EP9.あたしの初恋!!!(3)
グラディアは飲み物で口を潤した後に、続けた。
「私はね、魅了(チャーム)の力が使えるの。私を少しでも好きになった人を、操ることができる。」
「あの踊りは魅了(チャーム)を振り撒いて、確実に夜の相手を得るためのものでもあるの。……でもあなたには、何故か全く魅了(チャーム)が効いていないのよ。」
「なのにあなたは、私に声をかけに来てくれた。それって本当に好きってことじゃない?」
「だから面白くて、つい連れて来ちゃった。だから遠慮しなくていいのよ。」
「そうなの……?」
アカシャはアップルソーダを口にしつつ、グラディアを訝しげな目で見た。グラディアはそれに目を細めつつ、続ける。
「そう。魅了(チャーム)を通さない好意なんて、感じるのは何年ぶりかしらね。」
「だからあなたとお話ししたいと思ったの。だめかしら。」
「ううん、だめじゃないし、あたしもあなたのこと、綺麗だと思ったけど……。」
「あたしのことばっかり話してて、あなたのこと、全然知らないなって……。」
グラディアは瞼を下げ、揚げ菓子をつまみつつ語り始めた。
「別に、私はどこにでもいる魔族の女よ。身寄りがなくて、人に自慢できるようなものも何もなくて……冒険者と踊りでなんとか食い繋いでるだけ。」
「……あたしは、冒険者になって、そういう魔族を見て来たけど……やっぱり、わからないことだらけなんだ。」
「あたしは今まで人間の世界で、人間だと思われて暮らして来たんだって、魔族の仲間といると思うの。『普通の魔族』たちが、どんな常識で暮らしてるのか、人間のことをどう思ってるのか……わからないのが、悔しいの。」
「あたしも少し違えば、そっち側にいたかもしれないのに。あたしだって魔族なんだから、無関係でいるべきじゃないんだって、最近ずっと考えてるの。だけど、面と向かって聞くわけにもいかなくて……。」
アカシャのその言葉を聞いて、グラディアは感心していた。アカシャは「歩み寄りたい」のだと確かに感じていた。けれどそれは、アカシャが魔族側の価値観を共有していないことも、確かに浮き彫りにしていた。
「ごめんね、急に重い話しちゃったかな。」
「……いいえ、すごく大事な話だと思う。けど……。」
「確かに、あなたってほとんど人間なのね。」
グラディアの言葉は突き放すようだった。アカシャはその言葉にショックを受けつつ、グラディアは言葉を続けた。

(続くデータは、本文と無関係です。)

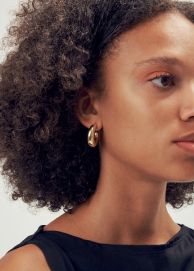 Ohrstecker 925 Silber vergoldet halbmondförmig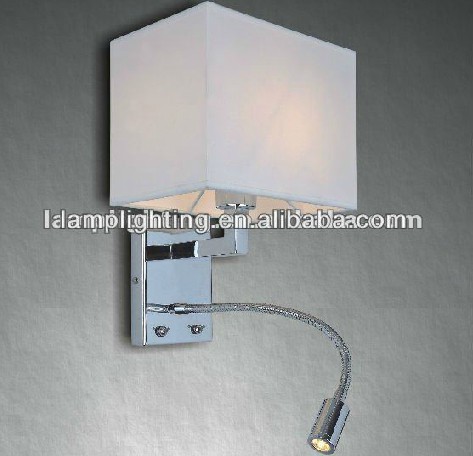 Aluminum Fabric Shade LED Bedside Reading Wall Lamp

「でも、あなたは善い人間だわ。無関係でいるべきじゃないなんて、そんなこと言ってくれた人間は今までいなかった。」
「いいわ、知りたいなら教えてあげる。魔族のこと……表側も裏側も。私の知ってることならね。」
それから、アカシャとグラディアは、魔族について色々な話をした。魔族にとって、人間は自身の立場を揺るがす「敵」と見做されることが多いこと、エルフは魔族の中でも特別繁栄している種族のため、彼らの常識は魔族の常識とは少し異なっていること、騎士や貴族、王族といった上流階級は、全て人間によって独占されていることなど……様々なことをアカシャは聞いた。
その中で、グラディアがどこか退廃的な魅力を纏った人物であることにも気がついていた。危険に身を晒しても構わない、しがみつくほどに生きる目的がない……そういった印象を受けた。そのことがアカシャの庇護欲をくすぐったのか、アカシャはグラディアにいっそう惹かれていった。

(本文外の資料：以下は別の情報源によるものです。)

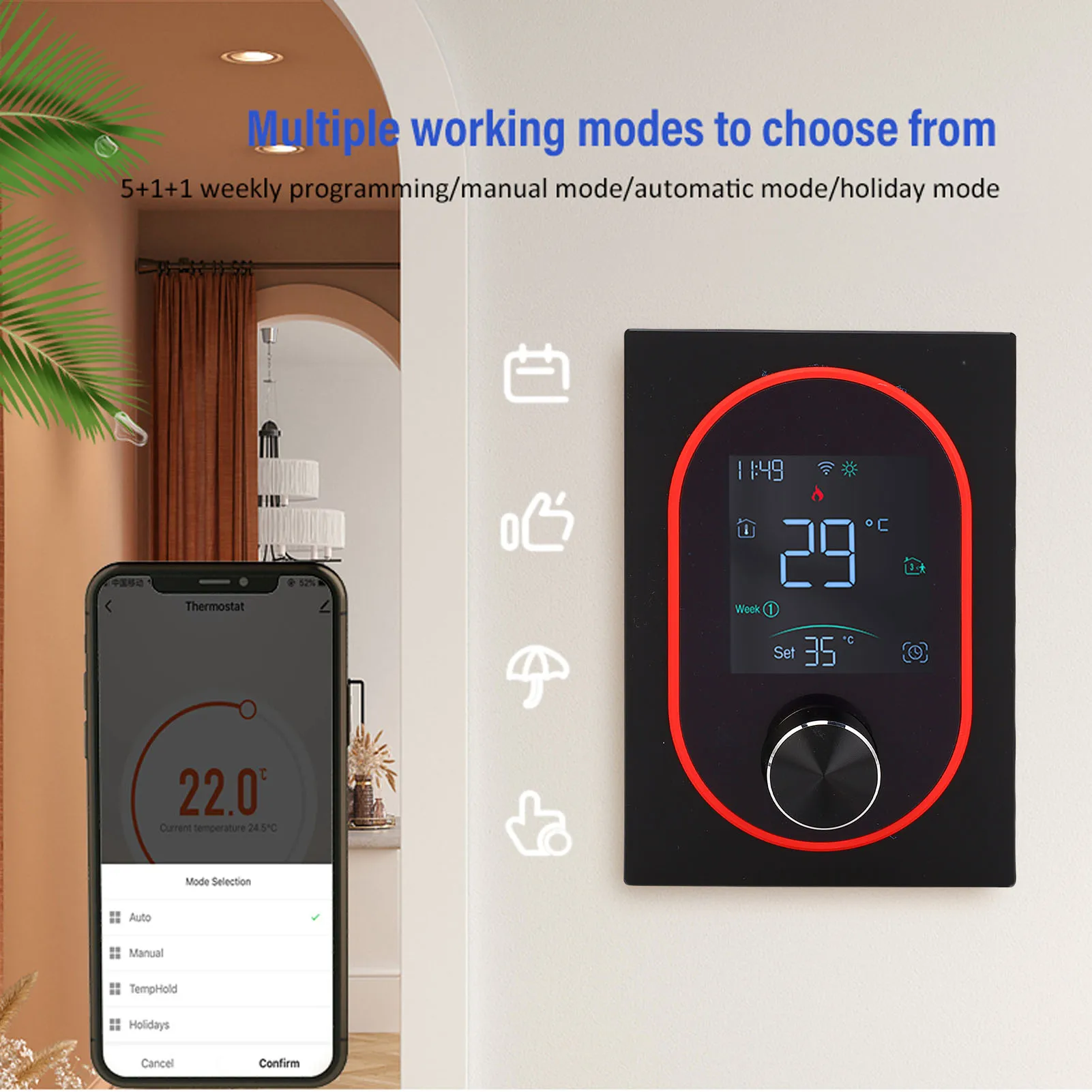 ترموستات شاشة عرض LED نوع مفتاح سعوي أسبوعي قابل للبرمجة وحدة تحكم ذكية في درجة الحرارة للاستخدام المنزلي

そう話しているうちに夜は更け、アカシャは眠気に取り憑かれてきた。
その晩は、グラディアが取っている宿の部屋に泊まった。宿に着く頃にはすっかり眠気に支配され、アカシャはダブルベッドに倒れ伏すように眠ってしまった。
グラディアもシャワーを浴びた後、アカシャと同じ寝床に入った。アカシャはグラディアのつけた香水の残り香に包まれながら、深い眠りに落ちて行った。